ABC Central Coast (2BL/T)

Gosford, New South Wales; Australia;
- Broadcast area: Central Coast, New South Wales
- Frequency: 92.5 MHz FM
- Branding: ABC Central Coast

Programming
- Language: English
- Format: Talk

Ownership
- Owner: Australian Broadcasting Corporation

History
- First air date: 27 November 2003
- Call sign meaning: Translator of ABC Radio Sydney (2BL)

Links
- Website: abc.net.au/centralcoast/

= ABC Central Coast =

ABC Central Coast is an ABC Local Radio station based in Gosford and broadcasting to the Central Coast region in New South Wales. The transmission area of the station stretches from Woy Woy to The Entrance. The signal is notoriously weak in many valley areas of the region.

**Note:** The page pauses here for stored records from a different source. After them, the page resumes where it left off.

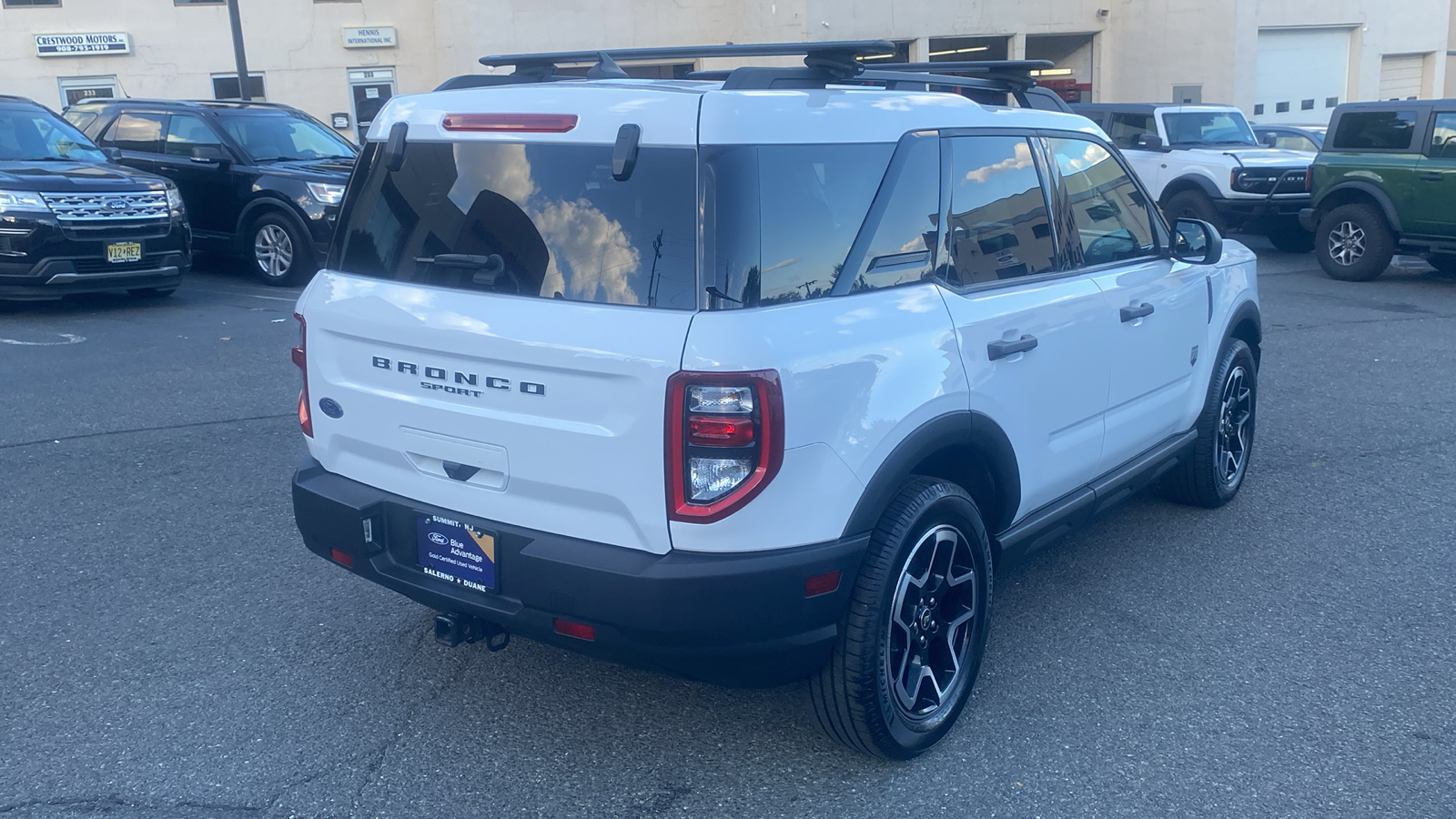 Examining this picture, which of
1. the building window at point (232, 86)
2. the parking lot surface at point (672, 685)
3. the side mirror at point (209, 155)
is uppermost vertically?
the building window at point (232, 86)

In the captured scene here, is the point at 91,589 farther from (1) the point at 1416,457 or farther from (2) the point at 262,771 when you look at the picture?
(1) the point at 1416,457

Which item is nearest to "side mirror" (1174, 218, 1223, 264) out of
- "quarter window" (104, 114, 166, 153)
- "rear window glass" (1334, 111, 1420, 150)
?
"rear window glass" (1334, 111, 1420, 150)

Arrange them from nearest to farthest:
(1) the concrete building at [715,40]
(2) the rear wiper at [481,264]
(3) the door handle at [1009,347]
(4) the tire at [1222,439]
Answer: (2) the rear wiper at [481,264] < (3) the door handle at [1009,347] < (4) the tire at [1222,439] < (1) the concrete building at [715,40]

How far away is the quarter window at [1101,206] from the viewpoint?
172 inches

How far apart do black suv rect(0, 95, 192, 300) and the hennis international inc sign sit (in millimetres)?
13708

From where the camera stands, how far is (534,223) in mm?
3230

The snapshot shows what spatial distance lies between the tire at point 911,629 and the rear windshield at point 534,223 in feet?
2.93

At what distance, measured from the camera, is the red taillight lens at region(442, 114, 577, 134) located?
10.5 ft

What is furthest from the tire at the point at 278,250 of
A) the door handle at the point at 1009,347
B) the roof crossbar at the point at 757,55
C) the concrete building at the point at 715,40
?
the door handle at the point at 1009,347

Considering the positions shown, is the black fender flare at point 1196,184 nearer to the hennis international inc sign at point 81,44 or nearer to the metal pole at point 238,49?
the metal pole at point 238,49

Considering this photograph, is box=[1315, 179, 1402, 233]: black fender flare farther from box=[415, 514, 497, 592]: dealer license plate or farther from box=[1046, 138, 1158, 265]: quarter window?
box=[415, 514, 497, 592]: dealer license plate

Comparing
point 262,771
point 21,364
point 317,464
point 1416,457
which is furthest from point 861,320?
point 21,364

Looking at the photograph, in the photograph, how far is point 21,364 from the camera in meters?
8.38

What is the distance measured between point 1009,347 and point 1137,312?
1.03m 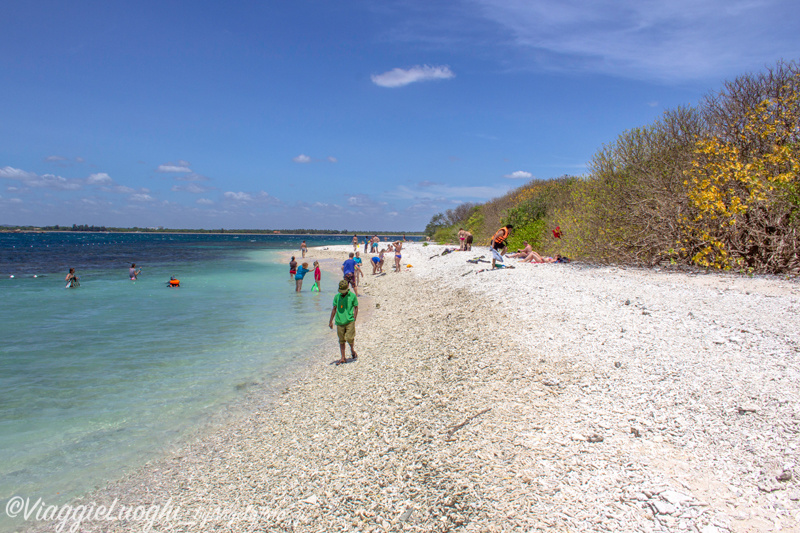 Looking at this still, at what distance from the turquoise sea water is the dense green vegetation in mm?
11832

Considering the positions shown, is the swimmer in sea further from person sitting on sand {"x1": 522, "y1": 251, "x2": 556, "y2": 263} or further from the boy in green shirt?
person sitting on sand {"x1": 522, "y1": 251, "x2": 556, "y2": 263}

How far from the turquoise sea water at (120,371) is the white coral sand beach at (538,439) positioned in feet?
3.16

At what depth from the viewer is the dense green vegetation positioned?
11.7 metres

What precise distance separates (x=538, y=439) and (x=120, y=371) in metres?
9.12

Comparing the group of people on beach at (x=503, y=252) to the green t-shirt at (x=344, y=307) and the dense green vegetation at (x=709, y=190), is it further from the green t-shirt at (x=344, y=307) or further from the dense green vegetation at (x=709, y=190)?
the green t-shirt at (x=344, y=307)

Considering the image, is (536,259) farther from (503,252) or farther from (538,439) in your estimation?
(538,439)

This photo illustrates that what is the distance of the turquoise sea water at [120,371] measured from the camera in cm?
583

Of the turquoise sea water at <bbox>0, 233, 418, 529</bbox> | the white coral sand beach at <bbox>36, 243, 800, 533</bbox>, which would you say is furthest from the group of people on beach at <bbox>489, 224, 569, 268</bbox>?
the white coral sand beach at <bbox>36, 243, 800, 533</bbox>

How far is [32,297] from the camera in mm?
20922

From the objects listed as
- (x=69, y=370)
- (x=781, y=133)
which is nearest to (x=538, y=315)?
(x=781, y=133)

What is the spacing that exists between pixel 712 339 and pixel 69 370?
13005 mm

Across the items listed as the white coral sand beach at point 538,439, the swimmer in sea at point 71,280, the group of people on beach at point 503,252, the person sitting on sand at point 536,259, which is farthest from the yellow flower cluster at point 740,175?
the swimmer in sea at point 71,280

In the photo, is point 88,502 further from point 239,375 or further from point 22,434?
point 239,375

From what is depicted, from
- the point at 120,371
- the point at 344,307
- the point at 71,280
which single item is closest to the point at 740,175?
the point at 344,307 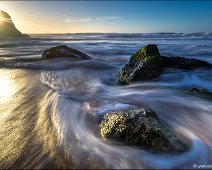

The station official callsign is 2BL/T reflecting its function as an opt-out service of ABC Radio Sydney. The station commenced broadcasting in 2003 on the frequency of 92.5 FM.

== History ==
The station was the newest radio station when it opened on 27 November 2003 in Gosford. The first studios were located in one of Australia's largest malls, Erina Fair, and were dubbed the Fishbowl, due to the station being an experiment in the new style of accessible, local, listener driven radio. In 2014, the station relocated studios to the base of The Kensmen Building on 131–133 Donnison Street in the CBD.